## TASK TO CARRY OUT
Word for word, restate the lines from the start of the data down to the line with "Maison Margiela PVC", both included.

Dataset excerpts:
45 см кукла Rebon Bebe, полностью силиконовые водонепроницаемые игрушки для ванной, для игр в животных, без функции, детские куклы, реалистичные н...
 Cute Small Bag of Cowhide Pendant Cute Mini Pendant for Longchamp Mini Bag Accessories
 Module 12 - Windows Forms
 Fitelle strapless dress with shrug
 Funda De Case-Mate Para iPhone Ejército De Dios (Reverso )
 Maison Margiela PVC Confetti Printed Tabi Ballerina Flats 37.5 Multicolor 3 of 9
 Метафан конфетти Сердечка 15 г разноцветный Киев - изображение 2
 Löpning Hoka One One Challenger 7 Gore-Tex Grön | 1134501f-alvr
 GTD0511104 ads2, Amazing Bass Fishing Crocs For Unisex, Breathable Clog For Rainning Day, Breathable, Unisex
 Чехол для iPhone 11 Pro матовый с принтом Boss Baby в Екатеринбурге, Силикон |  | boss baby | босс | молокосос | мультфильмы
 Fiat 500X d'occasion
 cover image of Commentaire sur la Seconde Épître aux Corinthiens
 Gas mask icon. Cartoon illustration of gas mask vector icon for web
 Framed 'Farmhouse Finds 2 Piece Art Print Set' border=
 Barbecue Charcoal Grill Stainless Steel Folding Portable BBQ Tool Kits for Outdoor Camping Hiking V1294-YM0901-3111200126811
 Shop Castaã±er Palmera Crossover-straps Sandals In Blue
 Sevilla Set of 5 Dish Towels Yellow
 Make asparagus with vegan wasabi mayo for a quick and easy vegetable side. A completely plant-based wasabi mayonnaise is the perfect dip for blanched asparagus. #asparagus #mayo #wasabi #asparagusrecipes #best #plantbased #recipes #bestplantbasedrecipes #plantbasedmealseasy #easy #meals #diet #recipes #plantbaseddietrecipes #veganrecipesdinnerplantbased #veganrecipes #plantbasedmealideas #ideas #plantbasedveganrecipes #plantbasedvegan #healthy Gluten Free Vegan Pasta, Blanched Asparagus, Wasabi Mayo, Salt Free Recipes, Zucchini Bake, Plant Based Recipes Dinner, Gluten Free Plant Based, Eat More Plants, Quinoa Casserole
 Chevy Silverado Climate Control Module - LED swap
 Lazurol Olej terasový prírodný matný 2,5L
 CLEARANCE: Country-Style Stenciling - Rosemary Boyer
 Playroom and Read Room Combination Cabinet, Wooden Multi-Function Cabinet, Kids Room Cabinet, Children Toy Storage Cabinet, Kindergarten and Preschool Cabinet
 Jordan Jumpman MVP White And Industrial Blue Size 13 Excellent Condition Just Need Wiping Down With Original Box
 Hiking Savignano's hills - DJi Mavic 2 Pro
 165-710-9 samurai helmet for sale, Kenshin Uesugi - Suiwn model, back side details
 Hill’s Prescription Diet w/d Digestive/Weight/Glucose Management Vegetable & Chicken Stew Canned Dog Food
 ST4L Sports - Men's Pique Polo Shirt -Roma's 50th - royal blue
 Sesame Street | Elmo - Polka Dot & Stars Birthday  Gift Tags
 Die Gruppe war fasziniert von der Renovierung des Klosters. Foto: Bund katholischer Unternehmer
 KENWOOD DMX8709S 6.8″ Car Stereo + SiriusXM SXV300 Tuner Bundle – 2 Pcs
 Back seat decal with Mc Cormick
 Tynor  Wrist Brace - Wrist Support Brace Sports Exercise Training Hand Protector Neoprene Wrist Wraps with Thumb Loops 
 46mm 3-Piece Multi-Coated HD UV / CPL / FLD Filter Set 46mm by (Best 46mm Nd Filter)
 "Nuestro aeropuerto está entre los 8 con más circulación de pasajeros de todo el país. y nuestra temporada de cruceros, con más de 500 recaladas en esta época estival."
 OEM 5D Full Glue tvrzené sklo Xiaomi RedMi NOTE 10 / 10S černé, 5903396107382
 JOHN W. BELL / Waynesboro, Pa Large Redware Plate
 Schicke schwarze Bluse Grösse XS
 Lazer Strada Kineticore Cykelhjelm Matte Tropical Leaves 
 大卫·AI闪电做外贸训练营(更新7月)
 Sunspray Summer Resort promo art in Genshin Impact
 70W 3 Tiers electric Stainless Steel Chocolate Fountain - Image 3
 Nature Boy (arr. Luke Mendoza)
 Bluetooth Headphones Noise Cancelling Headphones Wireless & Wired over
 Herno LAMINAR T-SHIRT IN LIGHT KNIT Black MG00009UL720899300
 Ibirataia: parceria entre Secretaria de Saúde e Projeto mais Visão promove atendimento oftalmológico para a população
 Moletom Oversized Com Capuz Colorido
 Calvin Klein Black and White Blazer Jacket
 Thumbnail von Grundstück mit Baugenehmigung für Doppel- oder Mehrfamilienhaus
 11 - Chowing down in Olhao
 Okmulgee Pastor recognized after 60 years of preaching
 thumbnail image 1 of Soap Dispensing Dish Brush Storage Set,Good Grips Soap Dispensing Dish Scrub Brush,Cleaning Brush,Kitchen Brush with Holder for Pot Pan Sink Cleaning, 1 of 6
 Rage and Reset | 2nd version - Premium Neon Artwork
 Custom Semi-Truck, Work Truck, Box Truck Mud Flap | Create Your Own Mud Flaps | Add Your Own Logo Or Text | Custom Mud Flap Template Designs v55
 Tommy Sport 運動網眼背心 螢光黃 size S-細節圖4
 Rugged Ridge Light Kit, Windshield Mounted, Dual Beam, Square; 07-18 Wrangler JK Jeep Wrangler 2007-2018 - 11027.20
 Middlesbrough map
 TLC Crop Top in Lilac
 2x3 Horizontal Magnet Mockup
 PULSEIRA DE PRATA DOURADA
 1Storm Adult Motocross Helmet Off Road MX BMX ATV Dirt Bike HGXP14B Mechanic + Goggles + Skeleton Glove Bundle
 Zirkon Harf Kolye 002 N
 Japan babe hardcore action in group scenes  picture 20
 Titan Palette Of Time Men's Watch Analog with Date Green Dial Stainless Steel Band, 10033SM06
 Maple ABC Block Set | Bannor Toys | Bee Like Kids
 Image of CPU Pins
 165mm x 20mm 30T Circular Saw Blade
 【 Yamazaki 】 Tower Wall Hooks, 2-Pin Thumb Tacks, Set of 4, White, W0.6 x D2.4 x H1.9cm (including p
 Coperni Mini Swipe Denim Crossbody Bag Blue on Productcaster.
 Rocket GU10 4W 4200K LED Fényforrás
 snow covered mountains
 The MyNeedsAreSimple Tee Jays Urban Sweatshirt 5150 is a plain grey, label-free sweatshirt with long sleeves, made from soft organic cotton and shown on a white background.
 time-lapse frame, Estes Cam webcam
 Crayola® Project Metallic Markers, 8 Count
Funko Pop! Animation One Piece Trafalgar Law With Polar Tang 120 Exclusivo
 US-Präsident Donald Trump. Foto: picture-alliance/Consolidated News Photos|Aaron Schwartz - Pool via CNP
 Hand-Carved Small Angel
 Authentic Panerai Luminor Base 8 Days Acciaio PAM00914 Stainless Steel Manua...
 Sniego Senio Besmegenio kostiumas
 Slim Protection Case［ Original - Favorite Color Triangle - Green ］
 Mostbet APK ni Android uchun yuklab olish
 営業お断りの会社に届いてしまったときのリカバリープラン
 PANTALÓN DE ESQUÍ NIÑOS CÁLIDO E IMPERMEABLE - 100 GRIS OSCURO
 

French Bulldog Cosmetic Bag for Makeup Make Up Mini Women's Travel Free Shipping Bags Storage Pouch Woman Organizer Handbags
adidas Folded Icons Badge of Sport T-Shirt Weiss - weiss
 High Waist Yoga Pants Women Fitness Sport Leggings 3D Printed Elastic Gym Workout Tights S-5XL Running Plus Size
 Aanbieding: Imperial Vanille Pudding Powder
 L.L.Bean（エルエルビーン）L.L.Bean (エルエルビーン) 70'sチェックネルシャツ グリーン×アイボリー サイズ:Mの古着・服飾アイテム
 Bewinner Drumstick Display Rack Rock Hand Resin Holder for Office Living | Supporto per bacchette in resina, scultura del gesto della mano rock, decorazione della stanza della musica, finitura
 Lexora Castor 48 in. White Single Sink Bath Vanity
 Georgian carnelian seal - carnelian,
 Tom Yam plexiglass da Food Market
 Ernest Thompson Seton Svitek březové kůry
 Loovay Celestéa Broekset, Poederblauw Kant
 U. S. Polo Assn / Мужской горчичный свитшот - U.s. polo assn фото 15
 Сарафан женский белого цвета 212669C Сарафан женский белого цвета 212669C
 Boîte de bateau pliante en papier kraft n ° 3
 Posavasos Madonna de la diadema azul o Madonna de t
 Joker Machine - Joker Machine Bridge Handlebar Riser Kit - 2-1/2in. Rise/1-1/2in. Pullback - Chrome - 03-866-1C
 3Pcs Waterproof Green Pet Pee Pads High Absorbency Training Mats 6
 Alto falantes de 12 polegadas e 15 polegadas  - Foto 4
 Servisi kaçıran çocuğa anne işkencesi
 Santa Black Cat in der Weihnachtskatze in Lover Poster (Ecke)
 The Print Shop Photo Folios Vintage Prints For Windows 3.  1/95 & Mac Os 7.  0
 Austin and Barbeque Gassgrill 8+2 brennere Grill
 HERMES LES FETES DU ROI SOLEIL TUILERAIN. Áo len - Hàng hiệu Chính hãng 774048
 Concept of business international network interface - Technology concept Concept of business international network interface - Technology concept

## ANSWER SECTION
45 см кукла Rebon Bebe, полностью силиконовые водонепроницаемые игрушки для ванной, для игр в животных, без функции, детские куклы, реалистичные н...
 Cute Small Bag of Cowhide Pendant Cute Mini Pendant for Longchamp Mini Bag Accessories
 Module 12 - Windows Forms
 Fitelle strapless dress with shrug
 Funda De Case-Mate Para iPhone Ejército De Dios (Reverso )
 Maison Margiela PVC Confetti Printed Tabi Ballerina Flats 37.5 Multicolor 3 of 9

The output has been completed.